* What is being asked
Print exactly the lines below between the line containing "Hi there, I" and the line containing "If you want", counting both of those lines. Leave pictures out.

* Records to use

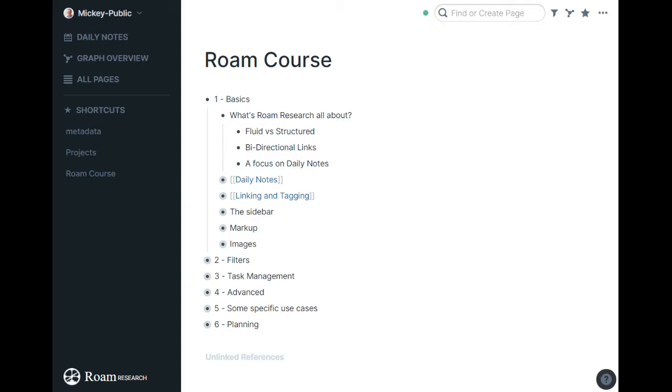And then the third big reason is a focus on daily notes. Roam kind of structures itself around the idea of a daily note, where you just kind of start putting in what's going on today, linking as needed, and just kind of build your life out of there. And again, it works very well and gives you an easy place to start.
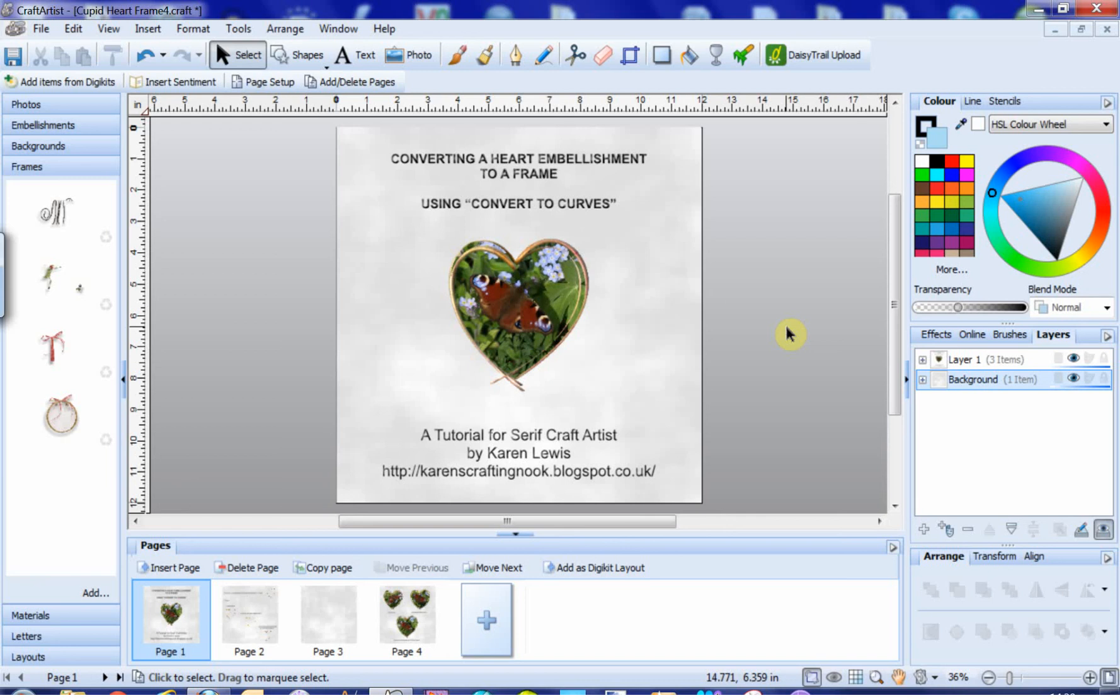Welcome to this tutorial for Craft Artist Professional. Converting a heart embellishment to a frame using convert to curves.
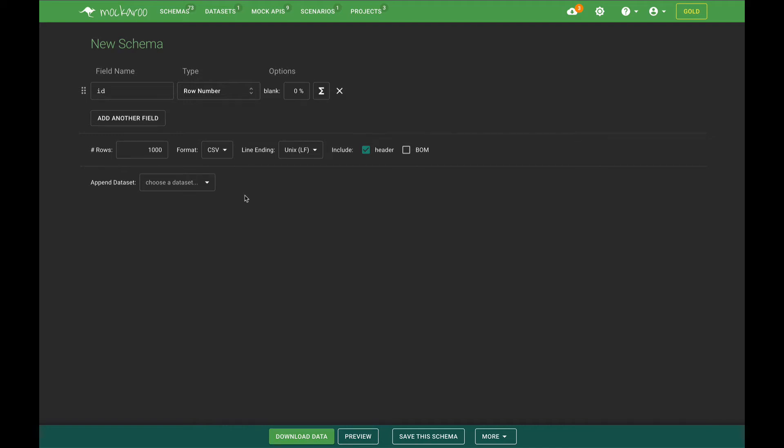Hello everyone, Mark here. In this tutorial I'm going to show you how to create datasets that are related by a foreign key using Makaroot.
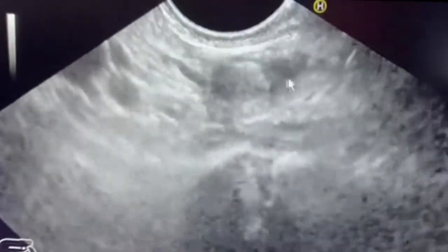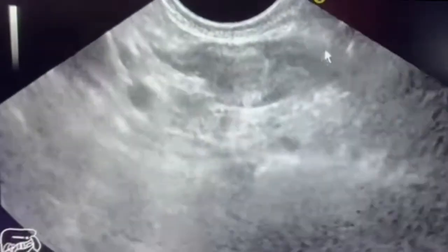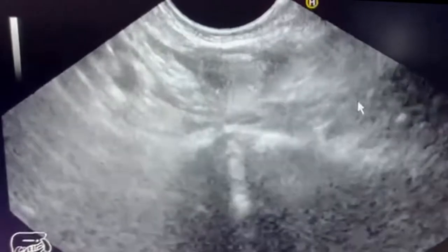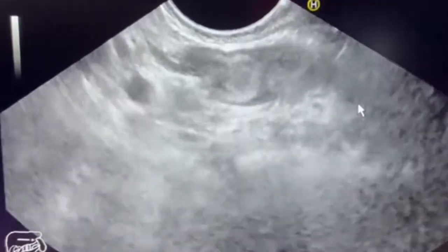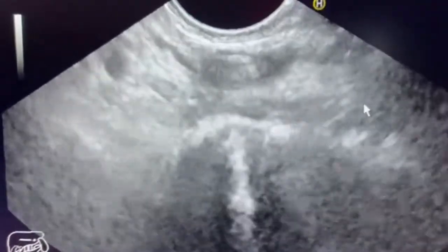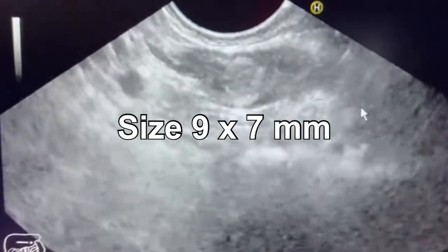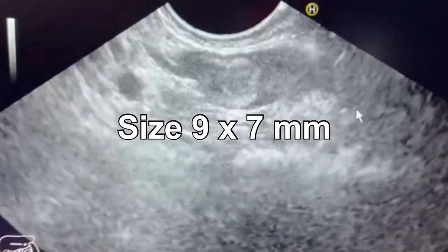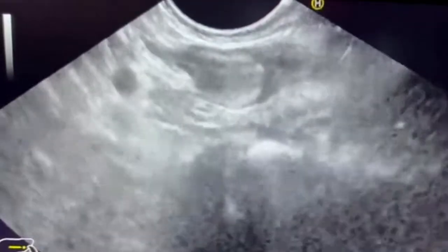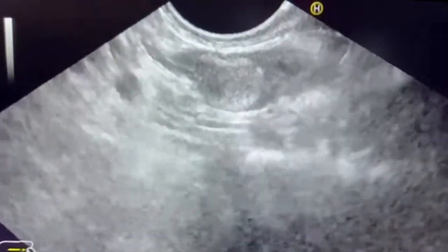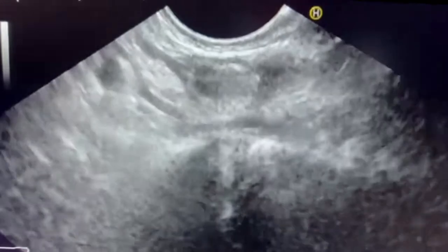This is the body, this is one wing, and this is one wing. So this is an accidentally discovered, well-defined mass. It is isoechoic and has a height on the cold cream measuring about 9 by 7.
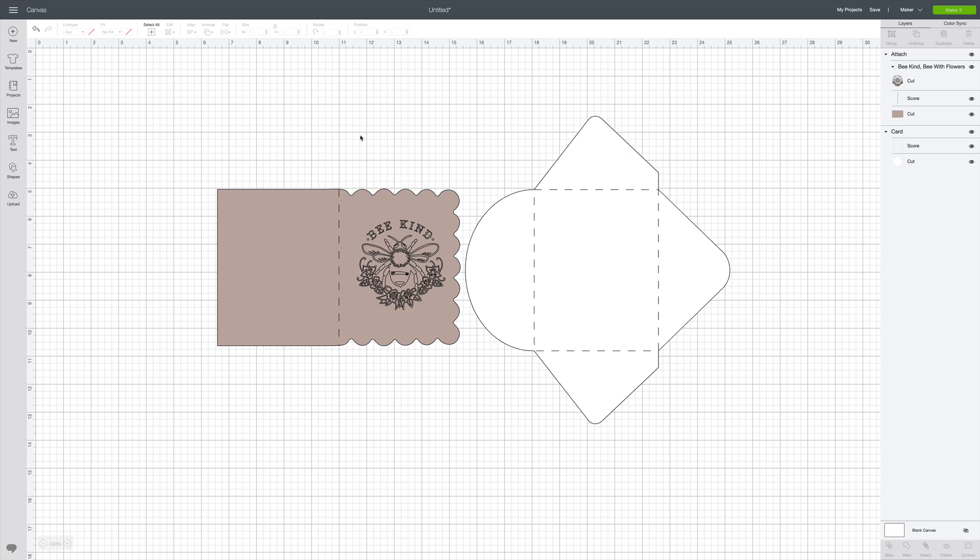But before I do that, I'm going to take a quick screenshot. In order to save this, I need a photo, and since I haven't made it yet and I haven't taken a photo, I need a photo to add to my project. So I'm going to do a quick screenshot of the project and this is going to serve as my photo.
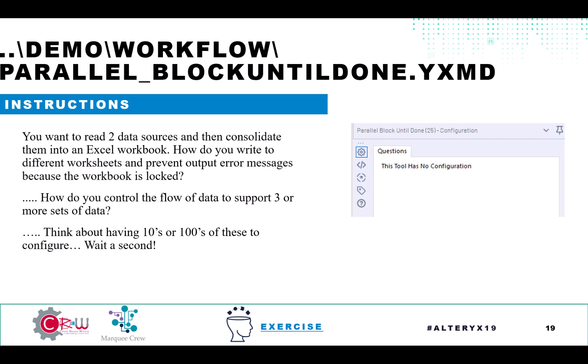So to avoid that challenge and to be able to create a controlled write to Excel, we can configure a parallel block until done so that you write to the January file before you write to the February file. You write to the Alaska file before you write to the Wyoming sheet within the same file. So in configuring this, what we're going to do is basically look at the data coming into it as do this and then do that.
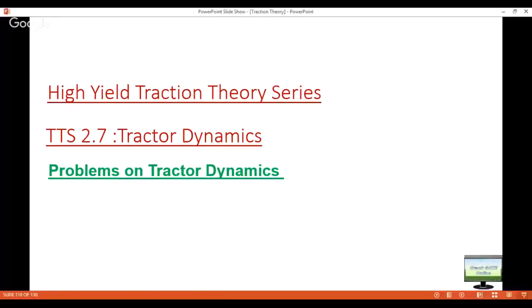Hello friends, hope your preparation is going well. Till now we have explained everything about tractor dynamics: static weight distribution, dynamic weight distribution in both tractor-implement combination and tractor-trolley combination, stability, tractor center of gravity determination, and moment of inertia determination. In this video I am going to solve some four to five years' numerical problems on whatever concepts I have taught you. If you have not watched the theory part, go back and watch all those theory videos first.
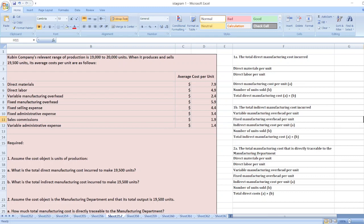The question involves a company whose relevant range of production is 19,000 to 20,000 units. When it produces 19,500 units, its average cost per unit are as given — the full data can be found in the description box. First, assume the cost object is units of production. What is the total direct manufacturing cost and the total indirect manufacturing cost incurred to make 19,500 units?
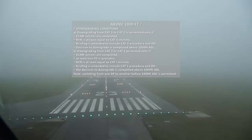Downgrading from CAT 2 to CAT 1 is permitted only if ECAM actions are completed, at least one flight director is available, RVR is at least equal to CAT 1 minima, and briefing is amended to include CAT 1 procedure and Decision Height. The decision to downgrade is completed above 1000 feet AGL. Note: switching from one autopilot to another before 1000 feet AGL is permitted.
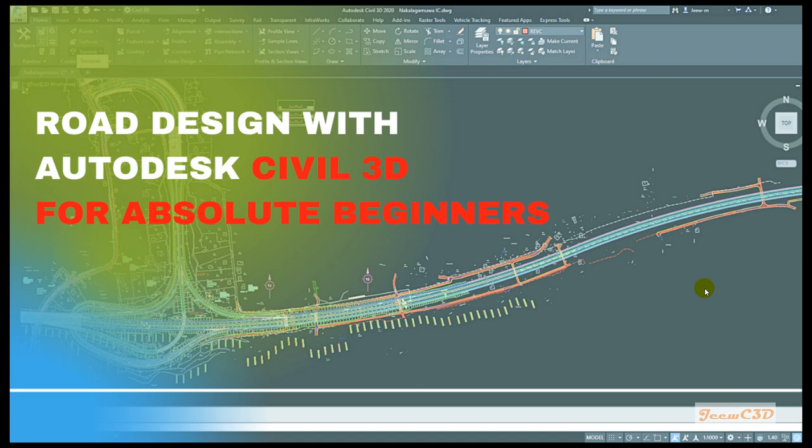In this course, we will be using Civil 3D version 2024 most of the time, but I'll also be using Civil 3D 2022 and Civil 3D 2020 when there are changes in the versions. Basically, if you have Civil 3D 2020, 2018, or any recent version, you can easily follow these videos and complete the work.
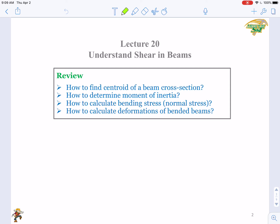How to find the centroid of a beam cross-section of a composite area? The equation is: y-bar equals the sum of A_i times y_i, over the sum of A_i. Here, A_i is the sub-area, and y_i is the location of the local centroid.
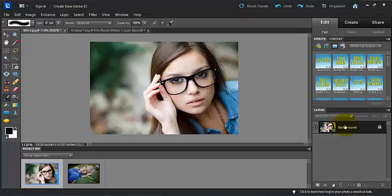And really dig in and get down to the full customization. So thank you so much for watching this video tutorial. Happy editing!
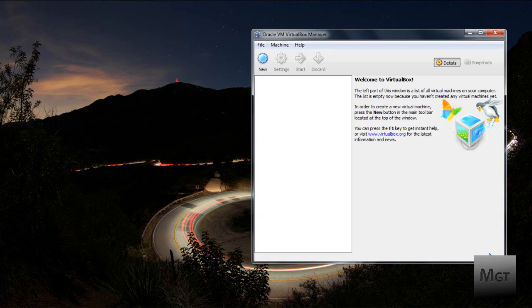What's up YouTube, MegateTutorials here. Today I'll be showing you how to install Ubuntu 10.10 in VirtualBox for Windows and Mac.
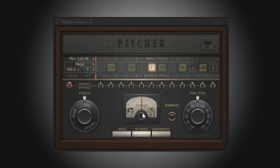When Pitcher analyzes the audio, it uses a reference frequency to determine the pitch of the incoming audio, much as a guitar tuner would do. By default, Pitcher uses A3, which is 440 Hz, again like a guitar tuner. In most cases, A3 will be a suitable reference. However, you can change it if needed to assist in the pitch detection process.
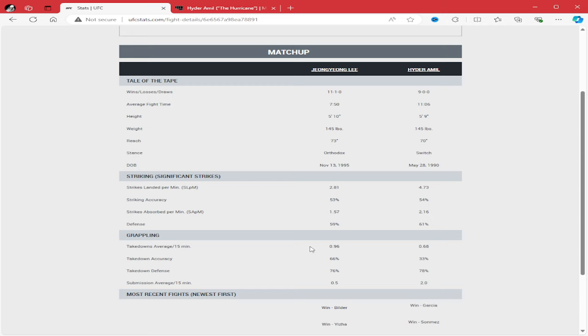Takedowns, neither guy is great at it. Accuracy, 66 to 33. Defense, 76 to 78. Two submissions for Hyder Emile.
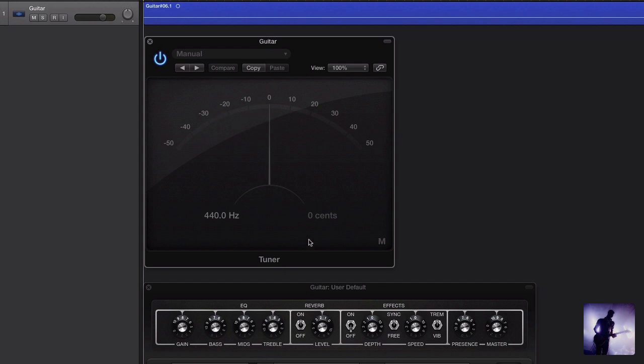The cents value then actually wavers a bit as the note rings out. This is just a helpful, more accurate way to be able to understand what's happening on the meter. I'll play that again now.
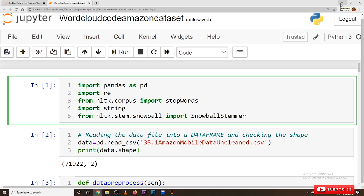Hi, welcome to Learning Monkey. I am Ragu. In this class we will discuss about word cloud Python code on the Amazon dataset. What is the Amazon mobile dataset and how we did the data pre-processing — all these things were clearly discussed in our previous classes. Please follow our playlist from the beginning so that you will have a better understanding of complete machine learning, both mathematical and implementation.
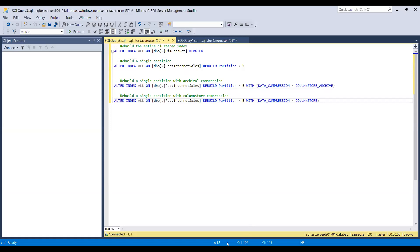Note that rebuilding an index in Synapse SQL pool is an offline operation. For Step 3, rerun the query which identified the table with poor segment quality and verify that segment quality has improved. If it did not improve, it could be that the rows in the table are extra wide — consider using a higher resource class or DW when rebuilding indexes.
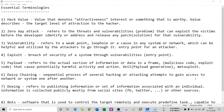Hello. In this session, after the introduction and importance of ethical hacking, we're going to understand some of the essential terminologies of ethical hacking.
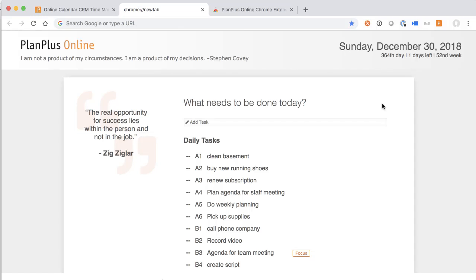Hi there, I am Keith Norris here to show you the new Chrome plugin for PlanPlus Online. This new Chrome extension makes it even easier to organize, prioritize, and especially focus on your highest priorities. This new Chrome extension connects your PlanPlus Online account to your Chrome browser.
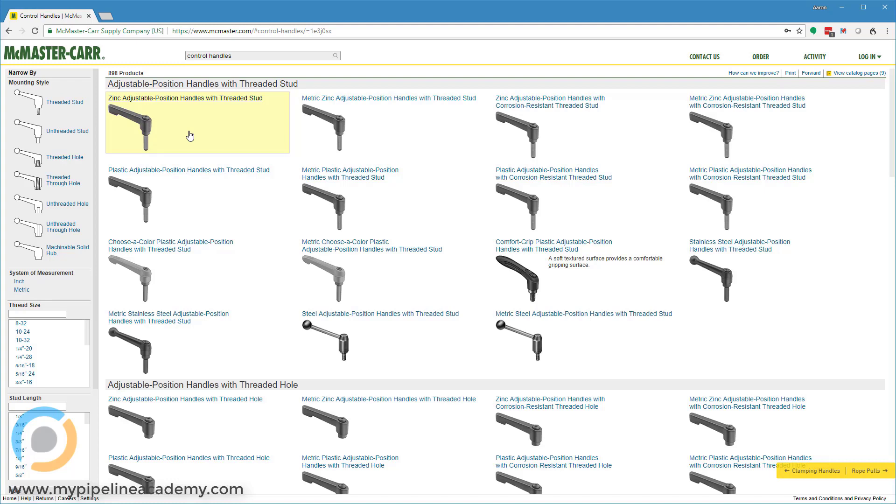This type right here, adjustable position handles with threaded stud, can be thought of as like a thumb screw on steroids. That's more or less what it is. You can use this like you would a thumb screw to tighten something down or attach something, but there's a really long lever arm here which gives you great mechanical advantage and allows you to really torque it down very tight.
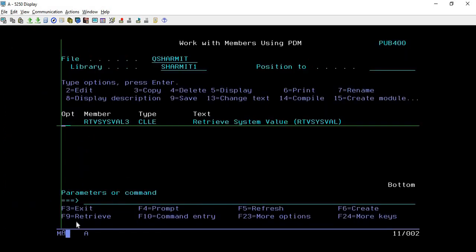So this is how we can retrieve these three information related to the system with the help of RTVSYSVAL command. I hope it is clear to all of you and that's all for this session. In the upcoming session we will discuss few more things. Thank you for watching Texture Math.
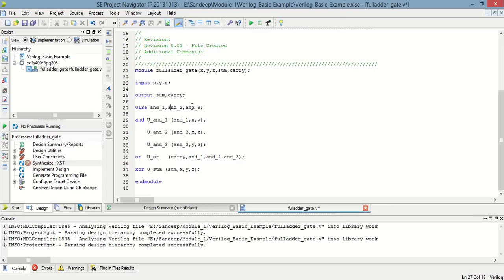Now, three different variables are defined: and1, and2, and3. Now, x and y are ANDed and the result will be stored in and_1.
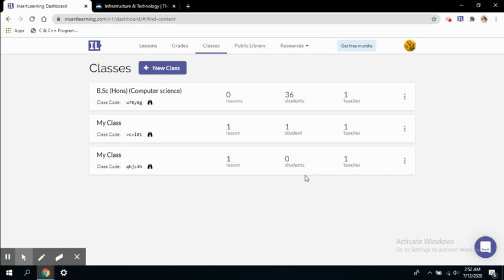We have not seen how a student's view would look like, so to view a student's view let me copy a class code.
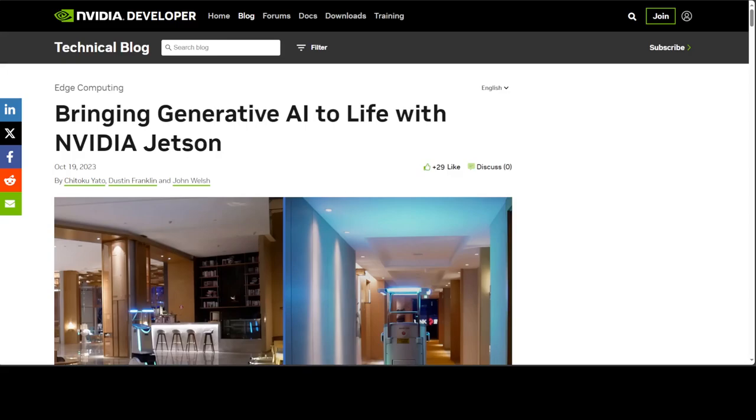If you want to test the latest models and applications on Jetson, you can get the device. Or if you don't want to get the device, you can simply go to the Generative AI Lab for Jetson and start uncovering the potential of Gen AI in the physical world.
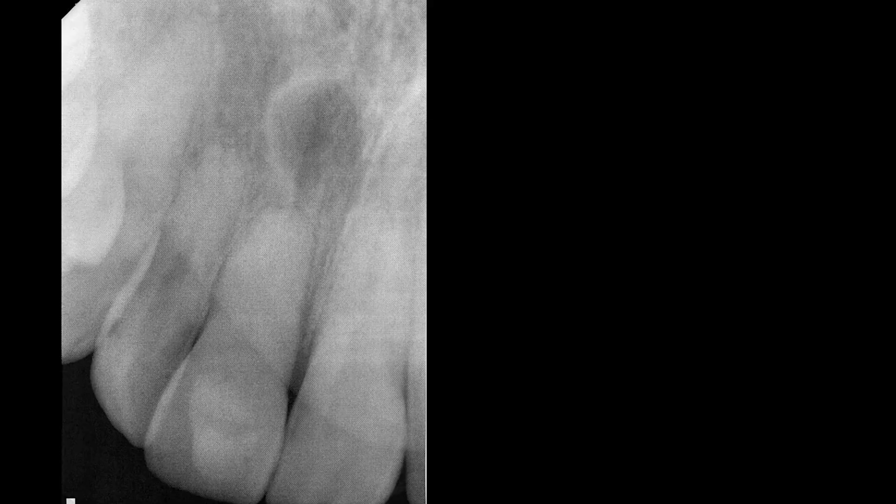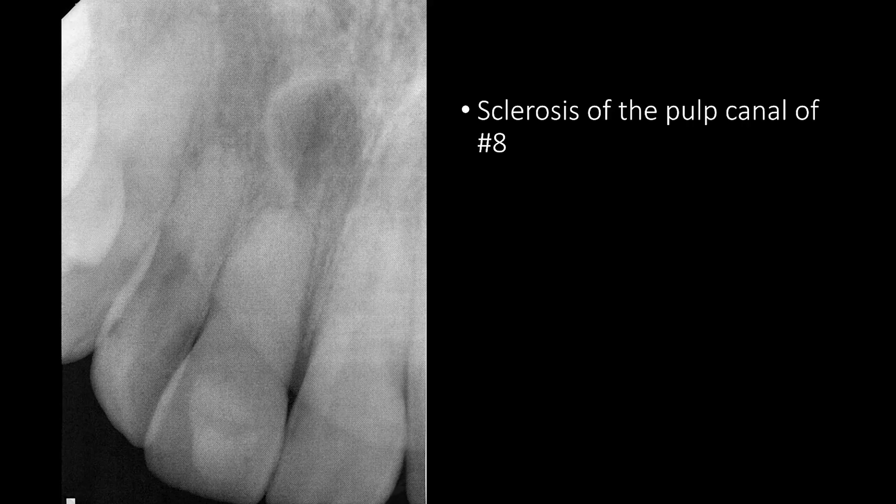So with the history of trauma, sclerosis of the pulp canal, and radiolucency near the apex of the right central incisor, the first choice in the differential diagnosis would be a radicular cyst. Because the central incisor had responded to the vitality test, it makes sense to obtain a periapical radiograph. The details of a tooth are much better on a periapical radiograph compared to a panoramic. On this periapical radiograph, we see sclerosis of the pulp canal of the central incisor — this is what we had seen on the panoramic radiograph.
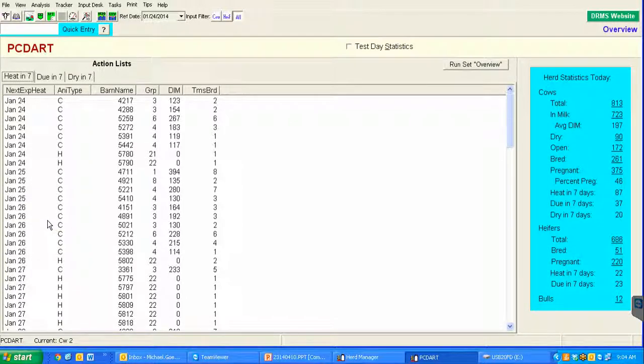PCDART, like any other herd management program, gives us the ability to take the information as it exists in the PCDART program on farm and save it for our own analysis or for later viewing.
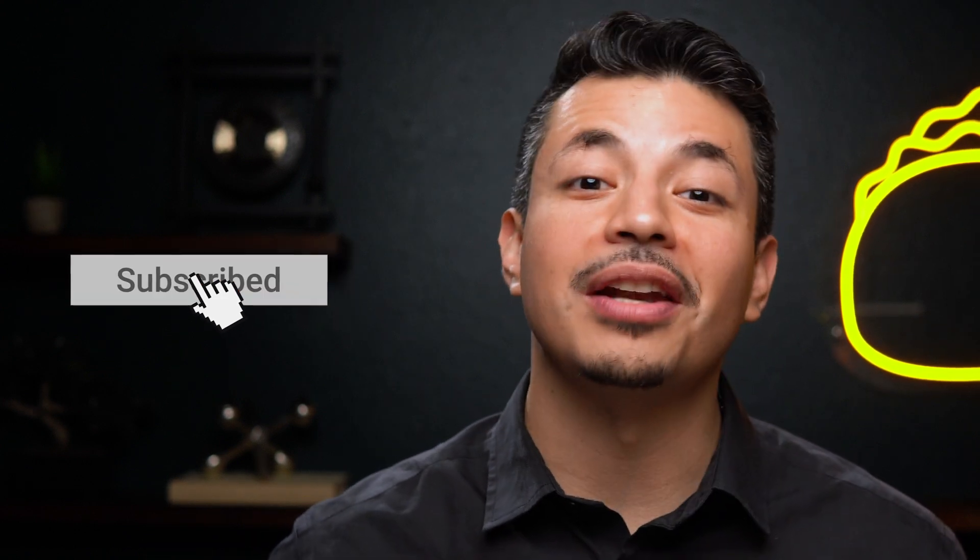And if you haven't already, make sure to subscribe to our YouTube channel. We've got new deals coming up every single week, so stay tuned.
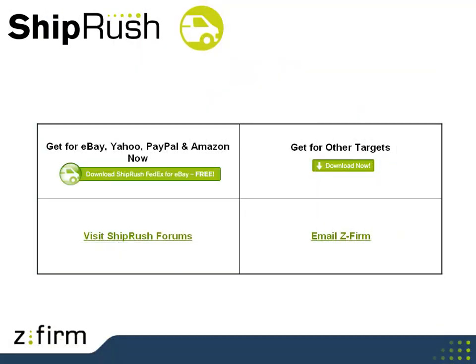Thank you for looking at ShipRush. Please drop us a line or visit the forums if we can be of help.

* Task answer
Hi there, I am Keith Norris here to show you the new Chrome plugin for PlanPlus Online. This new Chrome extension makes it even easier to organize, prioritize, and especially focus on your highest priorities. This new Chrome extension connects your PlanPlus Online account to your Chrome browser.
This type right here, adjustable position handles with threaded stud, can be thought of as like a thumb screw on steroids. That's more or less what it is. You can use this like you would a thumb screw to tighten something down or attach something, but there's a really long lever arm here which gives you great mechanical advantage and allows you to really torque it down very tight.
So this is how we can retrieve these three information related to the system with the help of RTVSYSVAL command. I hope it is clear to all of you and that's all for this session. In the upcoming session we will discuss few more things. Thank you for watching Texture Math.
Now, three different variables are defined: and1, and2, and3. Now, x and y are ANDed and the result will be stored in and_1.
We have not seen how a student's view would look like, so to view a student's view let me copy a class code.
If you want to test the latest models and applications on Jetson, you can get the device. Or if you don't want to get the device, you can simply go to the Generative AI Lab for Jetson and start uncovering the potential of Gen AI in the physical world.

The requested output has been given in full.